Na prole resultante desta união o gosto pelas coisas do intelecto, das artes e das ciências, sempre esteve presente. Quantos casais possuem no seu ninho quatro mestrados?
Sempre senti bem disfarçado orgulho disto. Não mais cabe aos pais sugerirem aos filhos este ou aquele caminho. Cada qual escolheu o seu e escondi sempre o sorriso satisfeito, a emoção e uma certa vaidade, para que jamais pressionasse ou induzisse. Não existiu qualquer indução a esta ou aquela profissão. Sequer compareço às defesas de dissertações, para que a presença não atrapalhe ou misture sentimentos de gerações a momento tão especial e particular.
Mas, me sentia endividado com o velho Vicente que há tantos anos nos deixou. Não atendi a qualquer dos seus anseios. Quando no fim da vida me disse, triste, que achava que os filhos venderiam sua propriedade em Quarai, desconversei... faleceu, pouco depois, e nós, herdeiros, vendemos o campo dele! O presente que encomendou à sua adorada afilhada (“Quando puderes, compra uma chácara para que ela tome gosto pela vida do campo...”), não foi e, pelo jeito, nunca será entregue! Em todo o caso, sem qualquer interferência minha, a afilhada revelou-se hábil cavaleira e entusiasta do convívio com animais, o que certamente o faria sorrir orgulhoso.
E agora, o Artur Vicente, que ele nem chegou a ver sem fraldas, cumpre a destinação que o velho de vida rude e sonhos intelectuais para a descendência tanto desejou: é um verdadeiro doutor! Talvez, onde se encontre, nem entenda bem ainda o que é ser físico, o que é microeletrônica e, muito menos, o complexo título da tese de doutorado e as estafantes experiências que levaram a este. Mas, não deixará passar o orgulho quando lhe contarem que tem um neto doutor de verdade! Certamente, a Celina, com sua paixão pela leitura e a assinatura de tudo o que era revista informativa dos tempos em que a ciência deslanchava, irá saber explicar bem o que é ser físico e vai contar que a família não tem apenas um doutor, tem um cientista!

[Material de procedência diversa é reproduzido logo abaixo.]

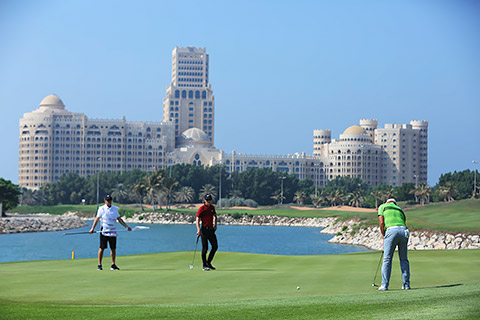 Al Hamra Golf Course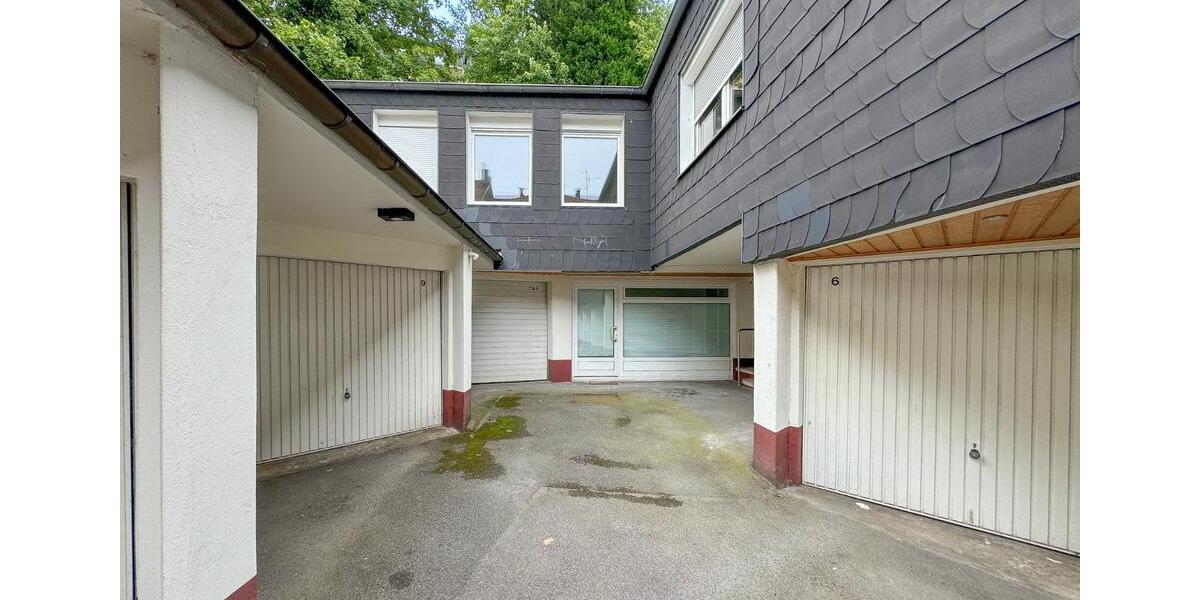 Etagenwohnung Hagen Hagen-Mitte - 2 Zimmer, 90 m&sup2;, 630&euro; | Angebot:25252400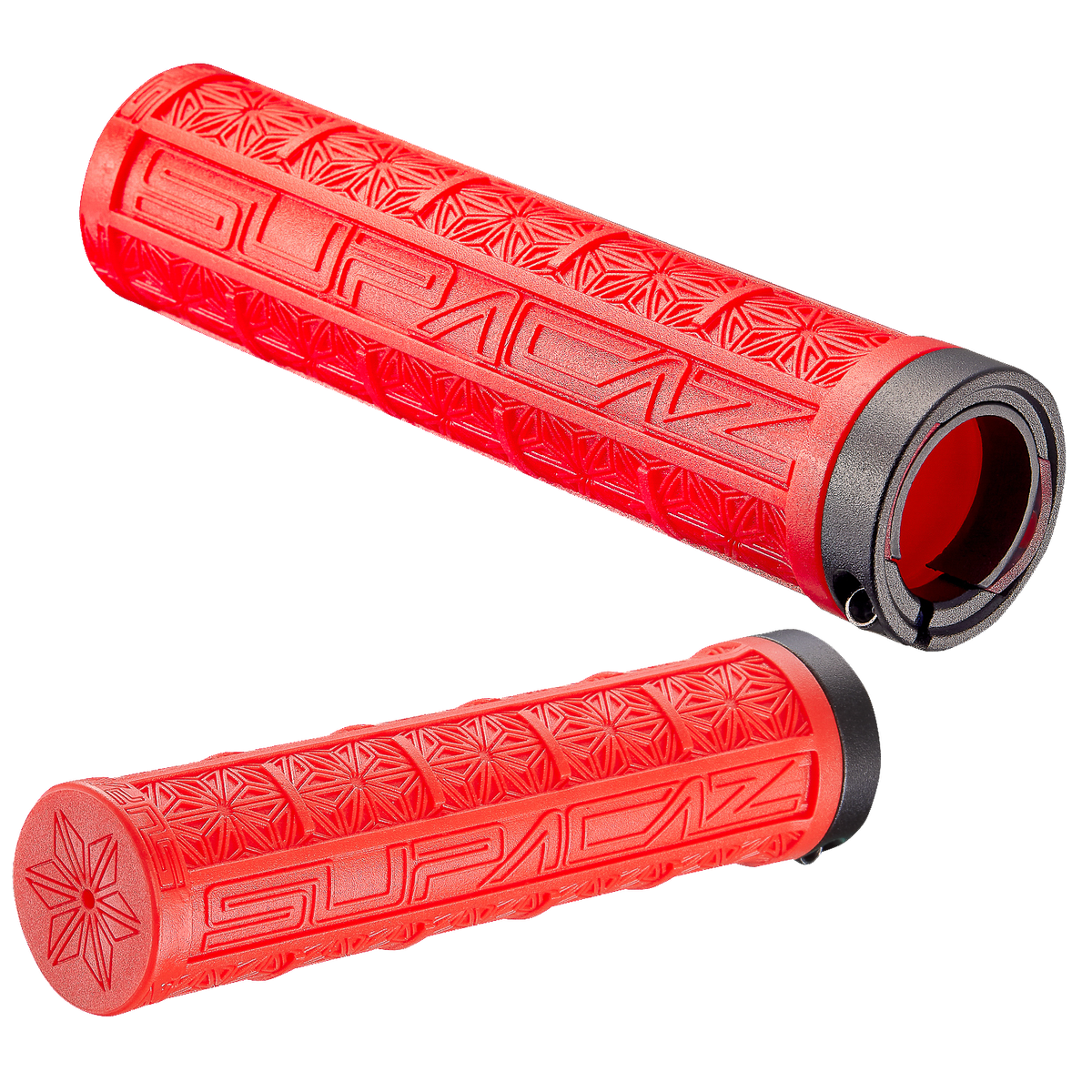Poignées SPECIALIZED GRIZIPS GRIP Rouges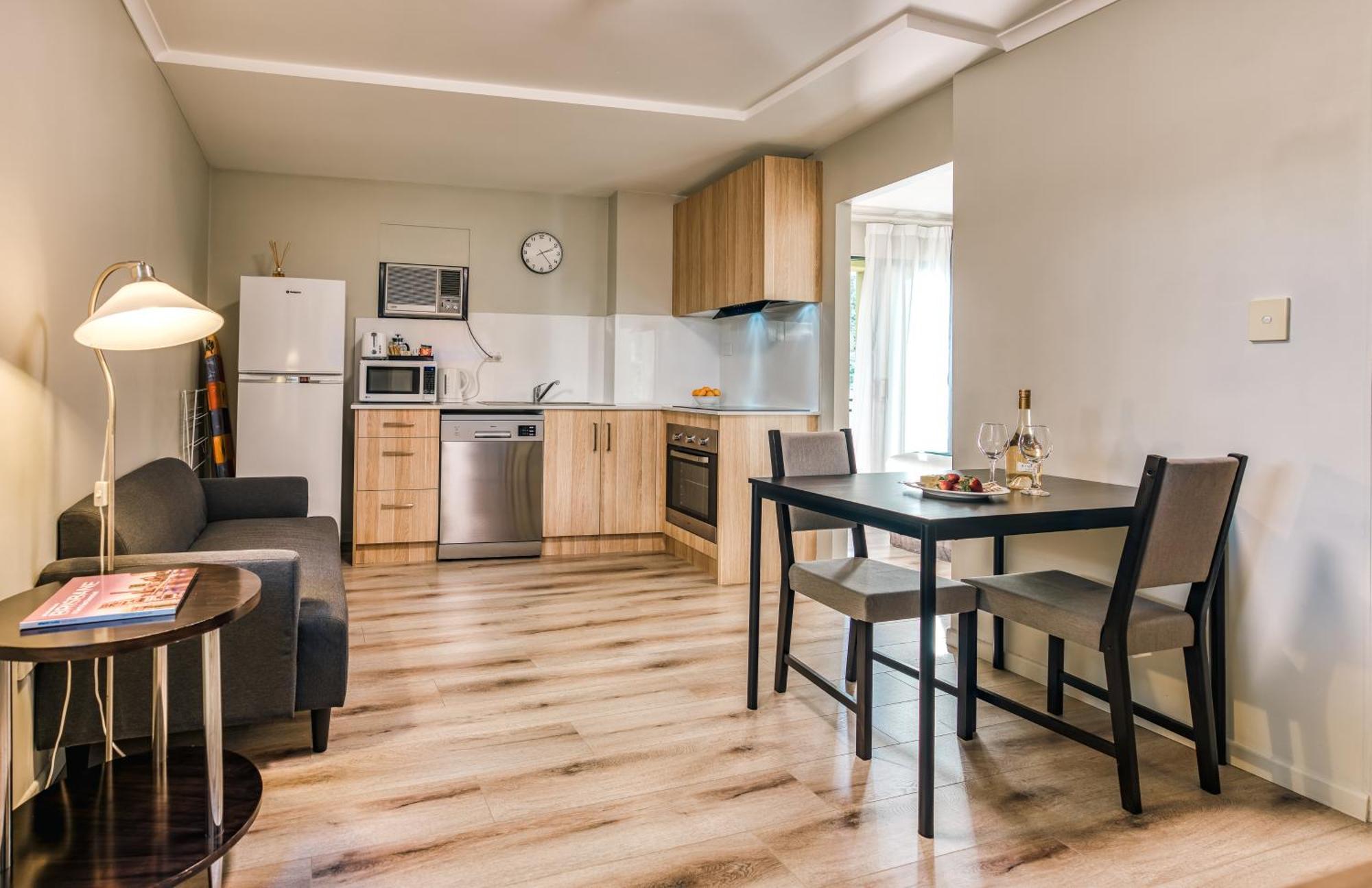 Il Mondo Boutique Hotel Брісбен Екстер'єр фото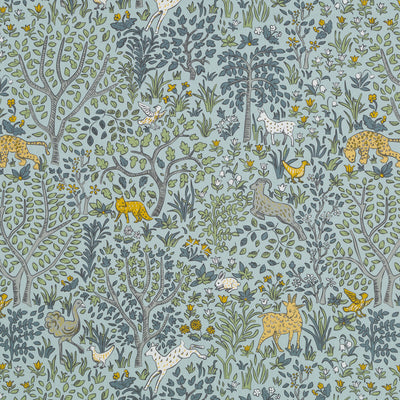Robert Allen Fabrics Fabrics -FOLKWORLD | AQUATINT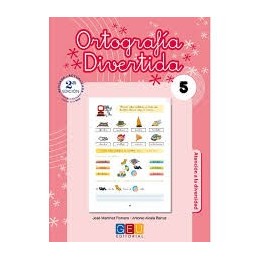ORTOGRAFIA DIVERTIDA 5 2 EDICION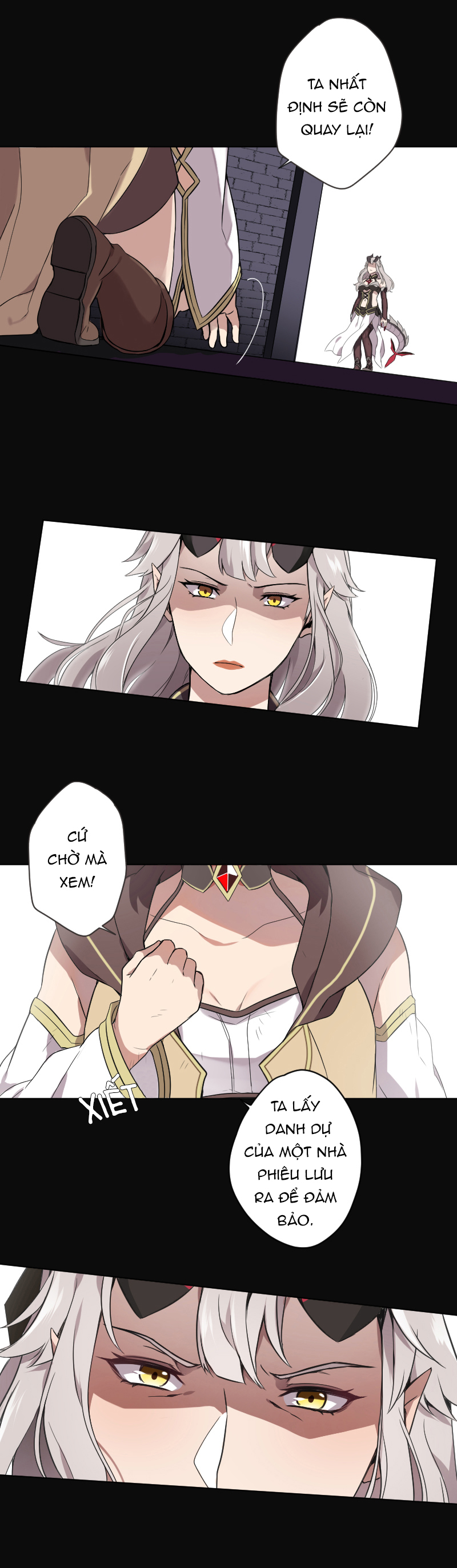 đọc truyện Mage & Demon Queen Chương 1 ảnh 7 tại Thiên Thai Truyện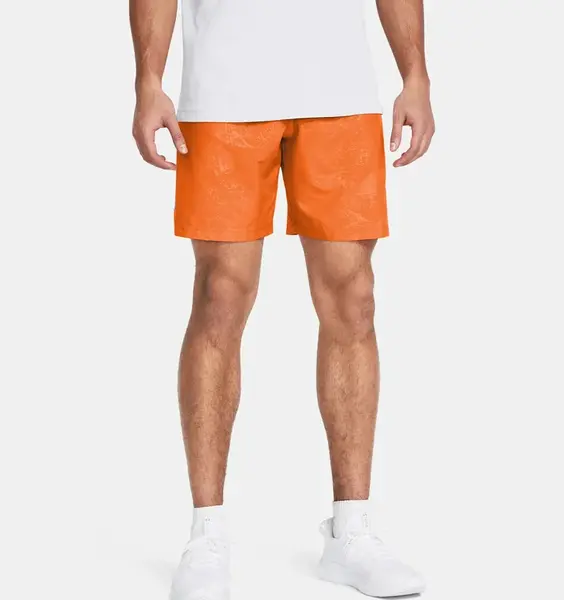 Pánské kraťasy Under Armour Woven Emboss Short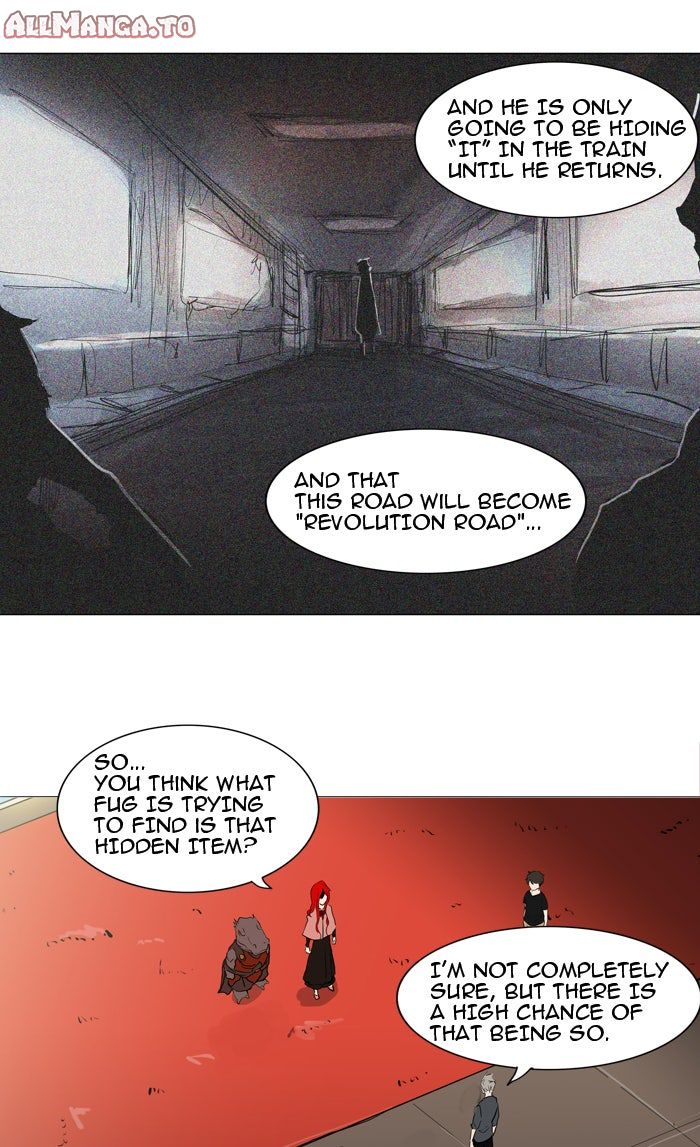 Read Tower of God En Manga Online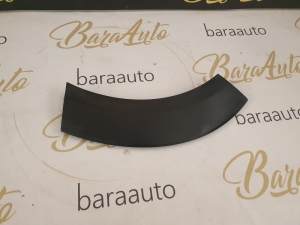 BANDOU ORNAMENT ARIPA ROATĂ SPATE DREAPTA DREAPTA MAZDA CX-30 CX30 2020-2024 DGH9-51W51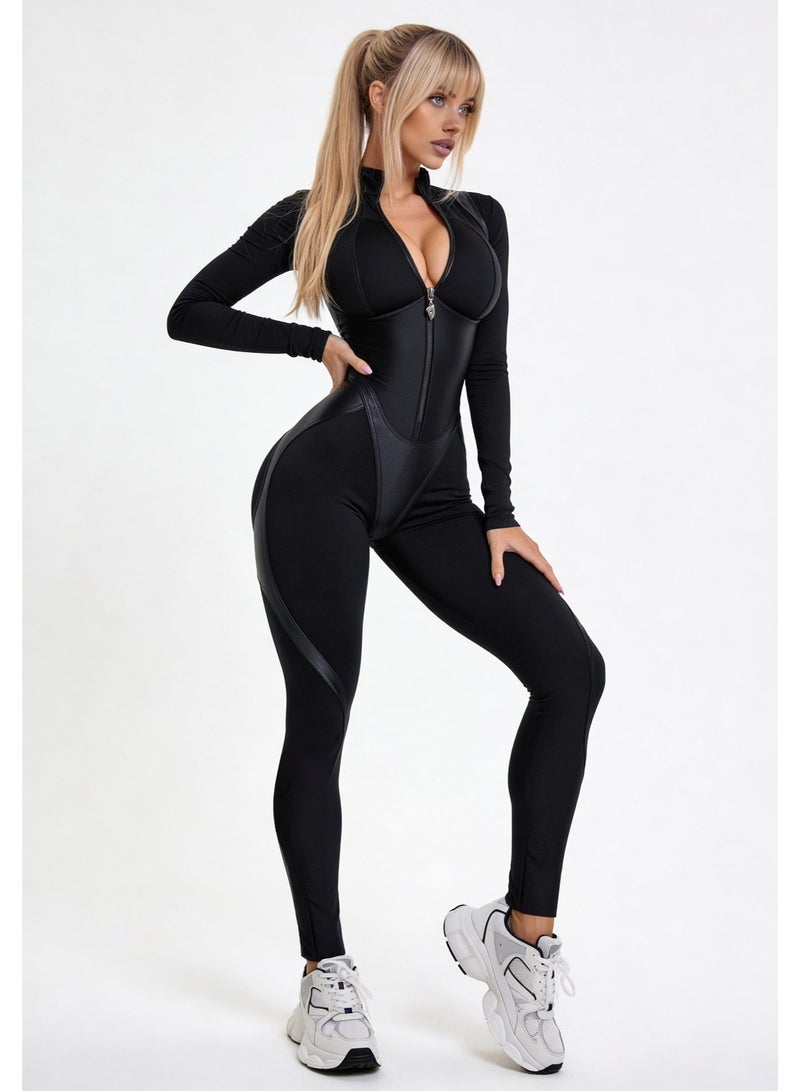 بونا فيدي Ideal Suit افرول رياضي نسائي - Image 4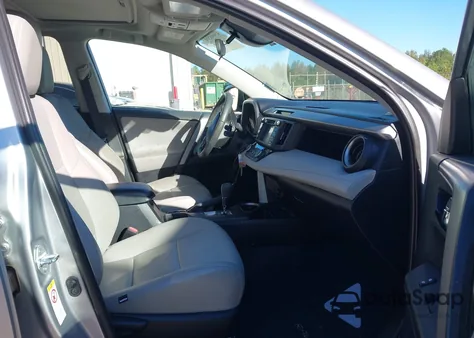 2017 Toyota Rav4 Xle from USA, damaged, VIN 2T3WFREV0HW312683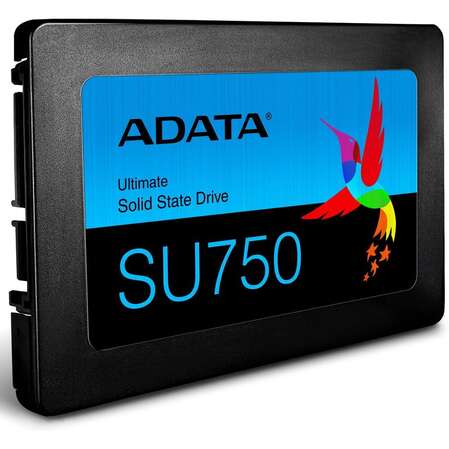Внутренний SSD-накопитель 512Gb A-Data SU750 ASU750SS-512GT-C SATA3 2.5"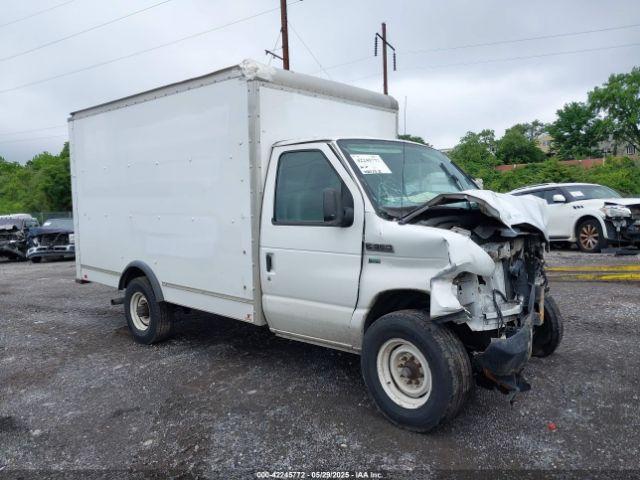  Salvage Ford E-350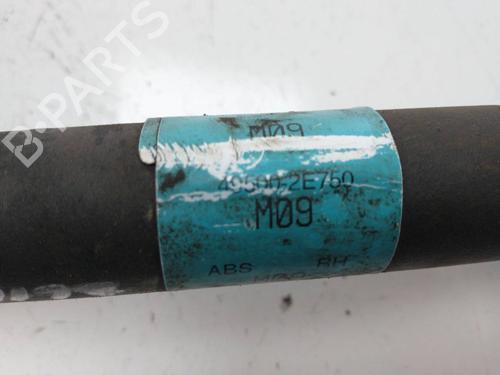 Right front driveshaft HYUNDAI TUCSON (JM) 2.0 CRDi | BP16022857M39 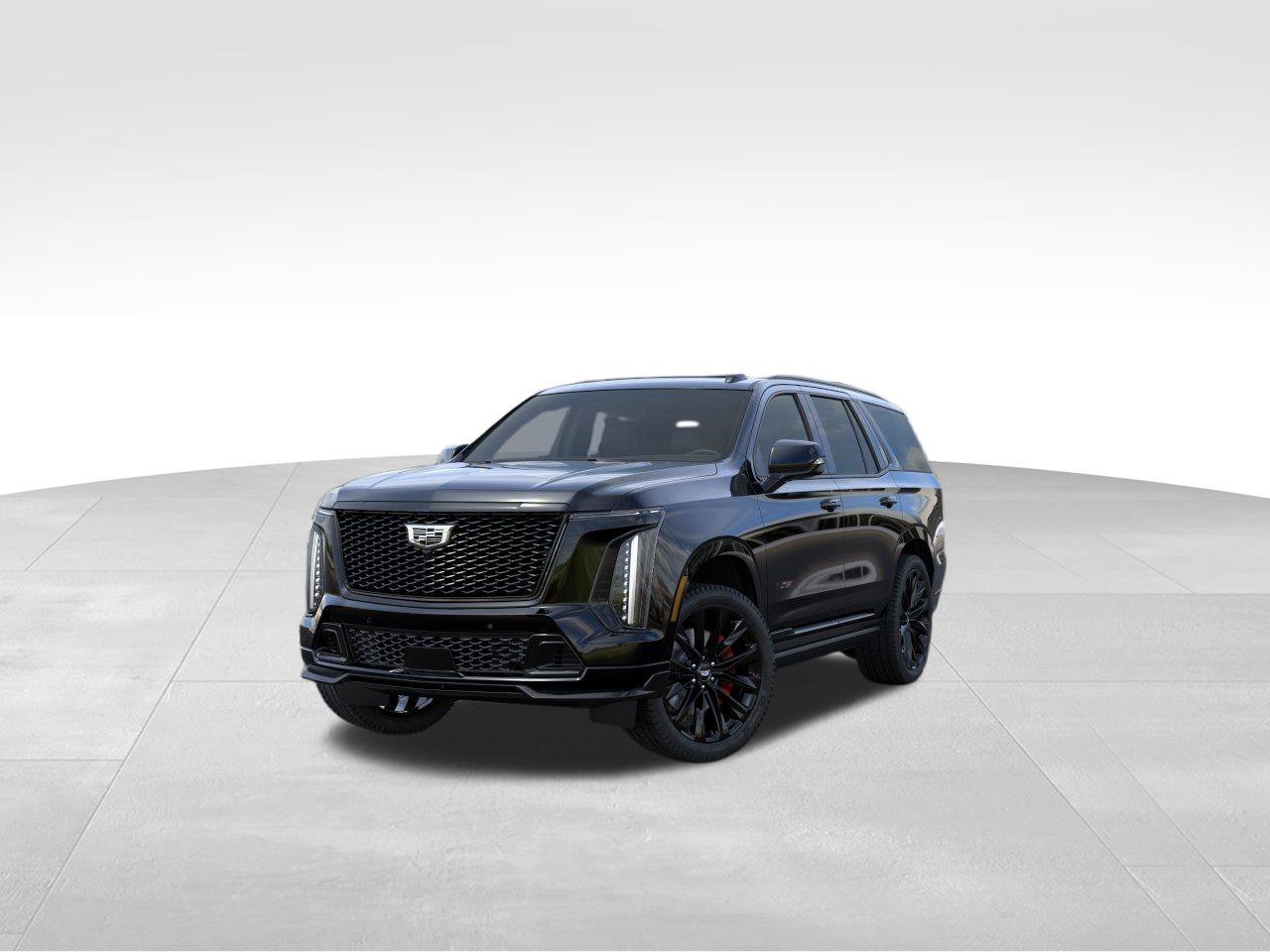 Used 2026 Cadillac Escalade V w/ LPO, ONYX Package AWD/4WD image 8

Que alegria que o Dr. Arthur e a Dona Alba estão aí, presentes e ativos, para verem o primeiro neto de sua linhagem Pfeifer alcançar o doutorado!
Mas, se alguém vir um vulto de outro mundo cavalgando pelas noites do Garupá, enrolado num poncho e resmungando alguma coisa solitariamente, não se preocupe: o Vicente é assim mesmo, cada vez que a gente alcançava um sucesso na escola, quando ele ia elogiar parecia estar xingando porque a emoção de homem rude mais parece resmungo! Será o Vicente sim, cavalgando, balbuciando orgulho e emoção!
Não torci para que o Artur Vicente emendasse – como o fez – o doutorado ao recém concluído mestrado. Pelo contrário, temi que sua saúde sofresse consequências por tamanho desafio, ainda mais em área tão complexa e exaustiva. Decisão adotada, respeitei e apoiei. Agora que tudo passou, o ciclo se completou, é hora de revelar o significado desta façanha: do lado Coelho dessa filiação trata-se de feito ímpar, o primeiro a alcançar o doutorado que eu saiba. É o culminar de um processo que iniciou nas primeiras décadas do século XX quando o Vicente tropeando pelos rincões deste Rio Grande, talvez maldizendo suas condições de vida, decidiu que um seu descendente iria ser “doutor”. Ou quando a Celina, atrás da porta, escolheu aprender a ler, escrever e fazer contas contra a vontade paterna de que só os varões precisavam deste tipo de instrução. Foi decisão e determinação deles. Nós, até sem noção exata da missão, apenas a cumprimos! Festejemos, então!
João Gilberto "
Confesso que terminei o texto chorando.